Adelaide coach Neil Craig, Melbourne counterpart Dean Bailey, the Western Bulldogs' Rodney Eade and Sydney's Paul Roos have all this week floated the idea of substitutes being allowed to replace injured players.
They would differ from current interchange players, in that once they took to the field the player they replaced would not be allowed to return.
AFL football operations manager Adrian Anderson said the league would consider that option as part of a post-season review of the interchange system.
They will also look at whether there is a link between increasing rotation of players through the bench and injuries.
Anderson said if substitutes were introduced, it might come on top of the current four-man interchange bench, or in exchange for reducing interchange players.
"We could conceivably have a model where there are four interchange, but one or two of them are substitutes," Anderson told the AFL website.

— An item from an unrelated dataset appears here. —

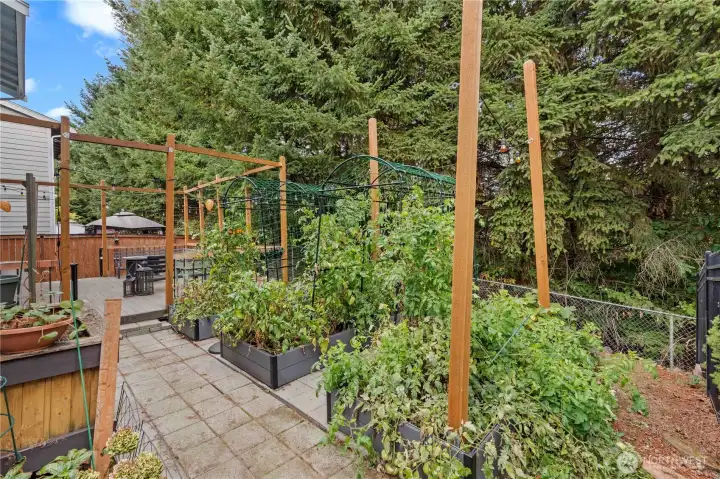 Large planting boxes throughout the backyard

"You could conceivably have a model where there were five interchange and three of them are substitutes or a whole other range of permutations and combinations."
He ruled out any changes during the current season.
But he said the league did not expect to expand the size of the interchange bench - not including substitutes - beyond the current four.
"There is a danger with increasing the interchange, (that) you will increase the speed of the players out there on the ground and potentially the risk of collision injuries," he said.